Utility-scale solar PV costs are dropping ~20% a year (including solar panels, inverters, balance-of-system, installation, and operations) while panel efficiency is improving. Solar is the renewable sector with the most patents, promising further improvements.
Onshore wind costs are dropping ~6% a year, and onshore wind is currently the least expensive new generation source. Wind turbine technology continues to improve through a combination of taller towers and wider rotor diameters.
Prices are below 2¢/kWh (unsubsidized) for projects auctioned to be delivered in 2019 and 2020. Continuing cost drivers include: larger-scale manufacturing in low-cost locations, tighter integration, higher performance, larger farms with better economy of scale, repowering of old sites with good wind or solar resources, and automation of operations.
The cost reduction curve of commercial solar PV over time is about two years behind the cost curve of utility-scale solar farms. Residential is two years behind commercial. Southern Alberta and Saskatchewan have the best solar resource in Canada, one year behind Southern United States. The rest of Southern Canada is just another year behind.
The rate of cost reduction in wind and solar PV systems has been wholly impressive. Solar PV modules are 20% of the cost they were in 2010. Wind turbine prices have fallen by around half over a similar period, depending on the market. Costs are dropping so quickly that some governments feel compelled to protect fossil generators. For example, in 2017, there was a bill in front of the Wyoming State Legislature to tax renewables in order to favor local coal producers.

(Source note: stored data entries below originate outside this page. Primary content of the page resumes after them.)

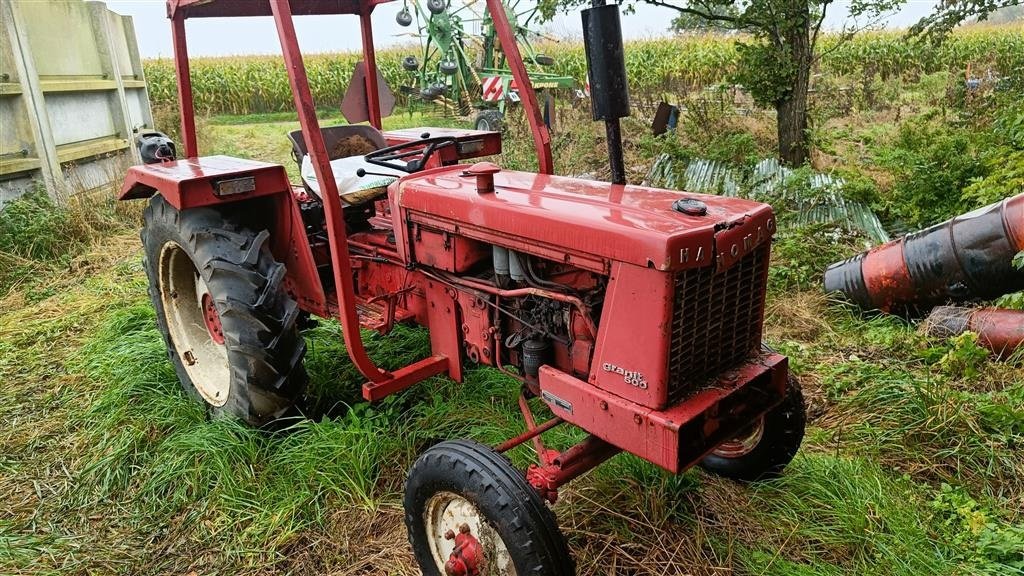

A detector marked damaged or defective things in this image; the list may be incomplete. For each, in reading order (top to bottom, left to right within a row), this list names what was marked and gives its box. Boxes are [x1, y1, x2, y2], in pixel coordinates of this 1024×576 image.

rusty steel pipe [823, 194, 1024, 315]
rusty steel pipe [925, 303, 1024, 356]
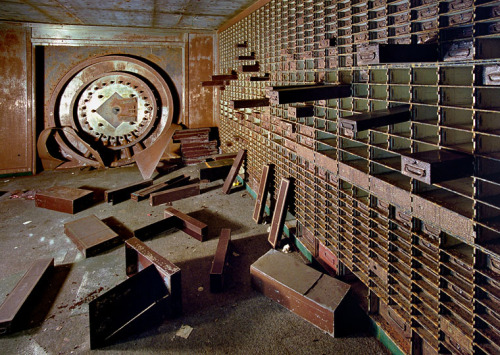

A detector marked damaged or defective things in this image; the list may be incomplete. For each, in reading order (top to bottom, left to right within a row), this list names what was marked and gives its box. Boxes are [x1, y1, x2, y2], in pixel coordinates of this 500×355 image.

rusted wall panel [0, 24, 31, 175]
rusted wall panel [186, 33, 213, 128]
rusted metal drawer [402, 150, 472, 185]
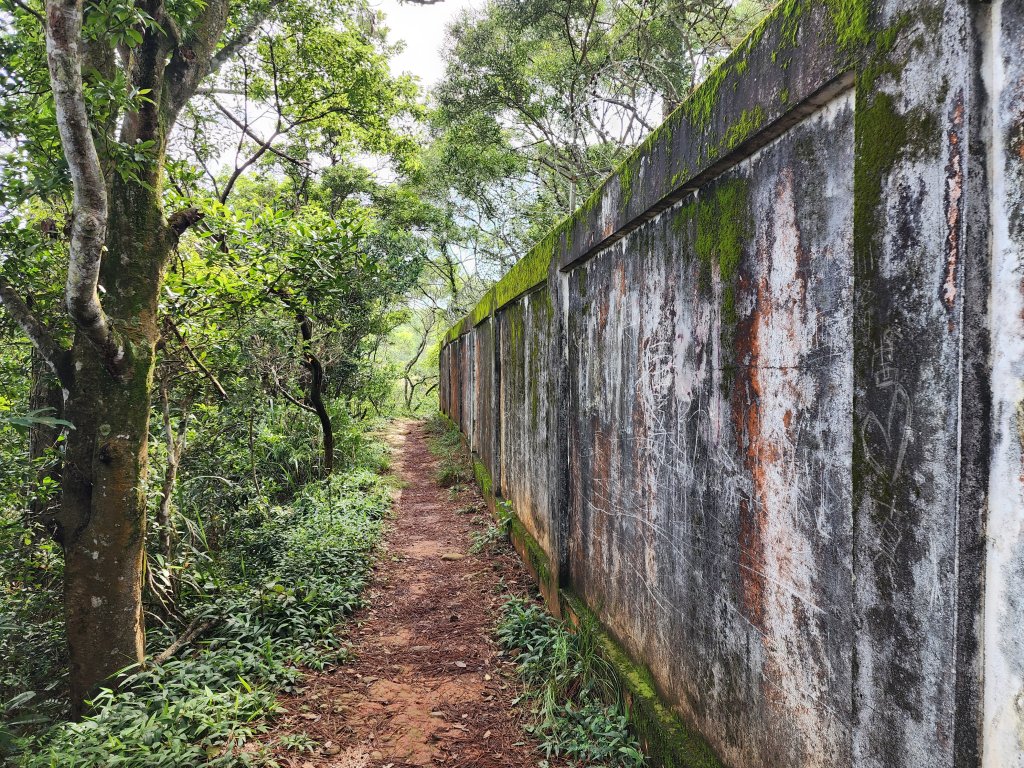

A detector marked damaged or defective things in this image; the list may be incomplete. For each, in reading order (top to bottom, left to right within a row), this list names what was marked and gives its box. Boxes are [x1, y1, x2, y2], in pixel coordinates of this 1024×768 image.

rust stain [940, 95, 964, 312]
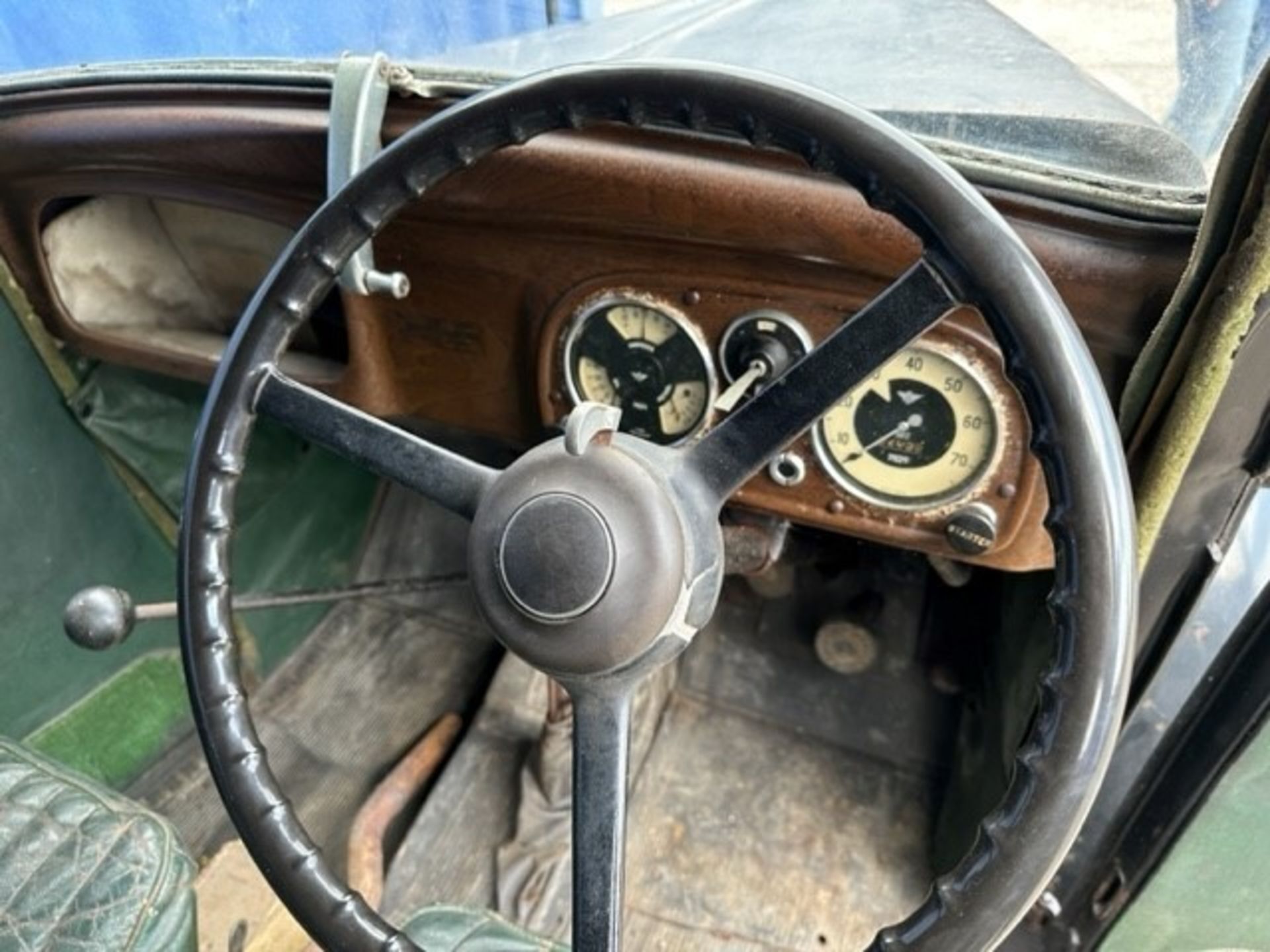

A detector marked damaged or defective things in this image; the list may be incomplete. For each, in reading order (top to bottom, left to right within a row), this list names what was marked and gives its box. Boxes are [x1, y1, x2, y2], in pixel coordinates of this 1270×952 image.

rusted dashboard panel [0, 82, 1191, 569]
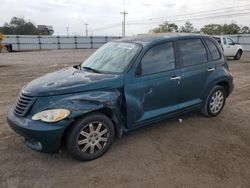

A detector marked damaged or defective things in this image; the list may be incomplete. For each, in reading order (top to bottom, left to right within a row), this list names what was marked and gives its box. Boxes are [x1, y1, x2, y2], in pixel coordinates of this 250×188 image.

damaged hood [23, 67, 123, 96]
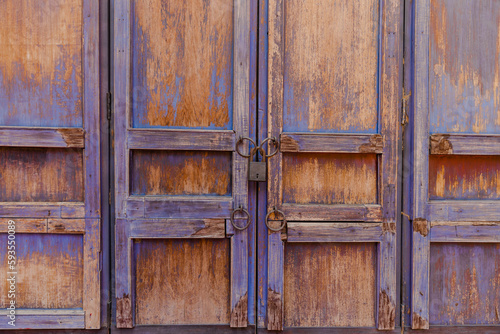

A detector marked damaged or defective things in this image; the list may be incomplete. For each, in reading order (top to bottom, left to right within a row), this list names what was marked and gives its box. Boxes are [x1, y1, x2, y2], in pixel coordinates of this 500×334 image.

The bill went nowhere, but you know that you are onto something when it is being taxed.[i] Similarly, the U.S. Department of Energy attempted to protect coal and nuclear producers in the name of keeping power grids dependable, but this was eventually rejected by the Federal Energy Regulatory Commission in early 2018.[ii]
Spurred by a global competitive race sponsored by states and large corporations, a confluence of performance improvements, supply chain efficiencies and business innovations is driving cost reduction trends for renewables, with effects that will only grow in magnitude in 2018 and beyond.

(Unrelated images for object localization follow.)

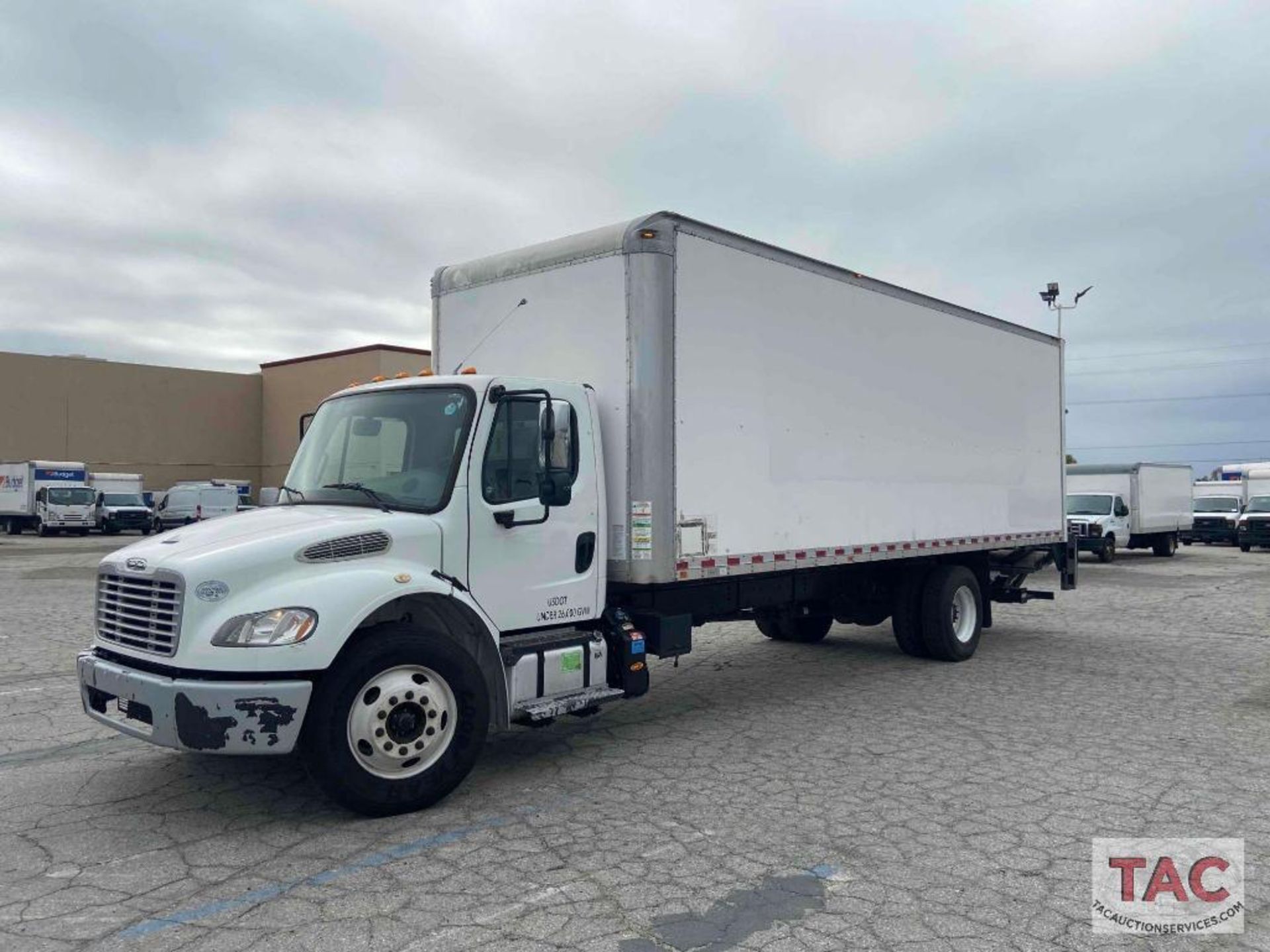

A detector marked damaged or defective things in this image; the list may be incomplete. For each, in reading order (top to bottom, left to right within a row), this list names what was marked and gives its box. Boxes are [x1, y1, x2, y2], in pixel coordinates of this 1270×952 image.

cracked asphalt [2, 534, 1270, 952]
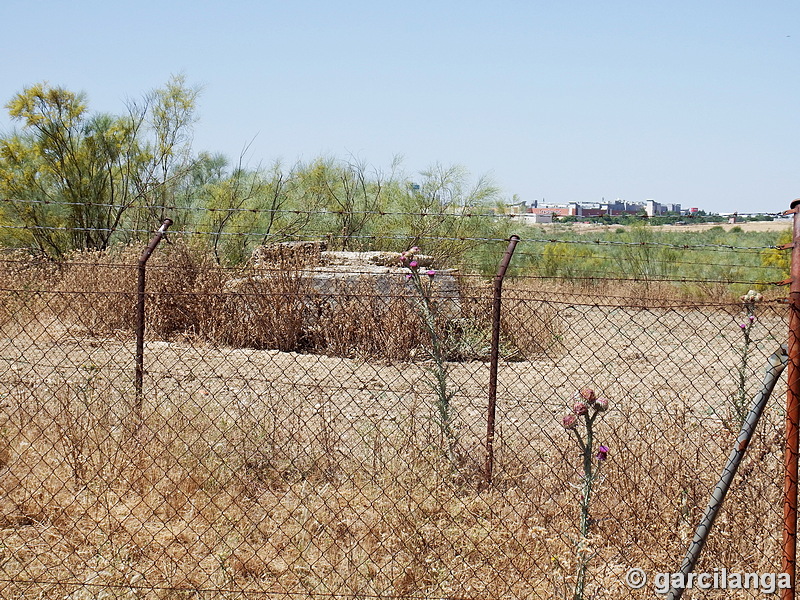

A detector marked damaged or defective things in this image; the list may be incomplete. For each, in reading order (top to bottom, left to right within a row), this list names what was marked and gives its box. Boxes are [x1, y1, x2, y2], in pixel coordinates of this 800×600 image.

rusted fence post [135, 219, 173, 426]
rusty chain-link fence [0, 236, 792, 600]
rusted fence post [484, 234, 520, 488]
rusted fence post [780, 199, 800, 596]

Figure 1 A confluence of performance improvements, supply chain efficiencies and business innovations is driving cost reduction trends for renewables
The last decade has seen a string of innovations and inventions for renewable energy technology. The large number of patents issued is a measure of the level of innovation, and, perhaps surprisingly, China has become the leading innovator by this measure. From 2000 to 2016, over 575,000 patents were filed for renewable energy:[iii]
- Half of them since 2010.
- 55% were for solar energy and 20% for wind energy. Hydropower, a mainstay of Canadian Utilities, accounted for just 6% of patents.

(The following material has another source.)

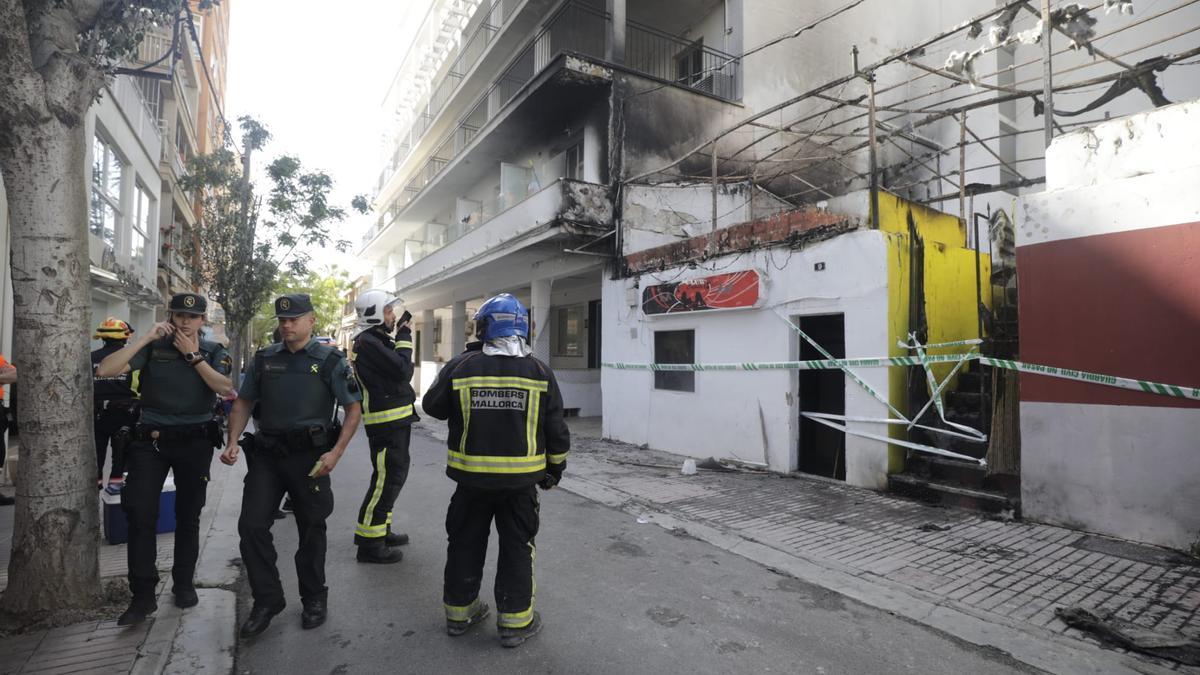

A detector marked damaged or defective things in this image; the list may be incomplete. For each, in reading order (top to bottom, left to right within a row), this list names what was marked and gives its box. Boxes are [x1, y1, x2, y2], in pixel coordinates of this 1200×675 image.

burned doorway [796, 314, 844, 478]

- Greater China (including Hong Kong and Taipei) accounted for almost a third of patents, well ahead of second-place United States at 18%. Canada has less than 1.5% of those patents.
Technology improvements primarily aim at raising the capacity factor, generating more energy from available resources, and reducing installations, operating and maintenance costs.
For example, in the last decade, the efficiency of solar PV panel went from about 12% to a range of 18.8-23.5%. By 2424, industry expectations place the range at 19.8-25%.[iv] Increased use of sun tracking for utility-scale plants and improvements in inverter losses are also contributing to the improvement of the capacity factor of solar PV systems, with utility-scale PV systems increasing from an average of 13.7% to 17.6% (see Figure 2).[v]
For wind power, higher hub heights allow turbines to access higher wind speeds[vi], with each additional meter of hub height added to a wind turbine increasing the annual energy yield by 0.5 to 1 percent[vii]. Average rotor diameter and nameplate capacity (in MW) have also significantly increased since 2010[viii]. Offshore installations allow even larger turbines, with the 9.5 MW Vestas V164 currently holding the world record[ix] and General Electric developing an even larger Haliade-X 12 MW model[x]. As the market for wind turbines expands, manufacturers are also offering a broader range of models to allow developers to choose the best models for the site constraints they are facing (e.g., strong winds, light winds, wind variability, setting issues, etc.).[xi] All this contributes to better wind capacity factor: average capacity factor for onshore wind plants increased from around 20% in 1983 to around 29% in 2017, with average capacity factor for newly commissioned offshore plants routinely reaching 40% (see Figure 2)[xii], with a new offshore floating wind farm, Hywind Scotland, achieving a 65% capacity factor from November 2017 through January 2018.[xiii]
Figure 2 Capacity factors of newly commissioned systems have increased since 2010.[xiv]
Supply chain efficiency gains
As the market for renewable power generation systems expands, the industry sees increasing economies of scale in manufacturing, better vertical integration of manufacturers and consolidation among manufacturers, all fueled by a more competitive global supply chain. Again, China stands as a model, for example creating the largest power company by combining Shenhua Group and China Guodian. Groups such as this are active as foreign investment agents of China, using Chinese wind turbines and solar panels, along with Chinese engineering expertise, to develop renewable wind and solar plants across the world.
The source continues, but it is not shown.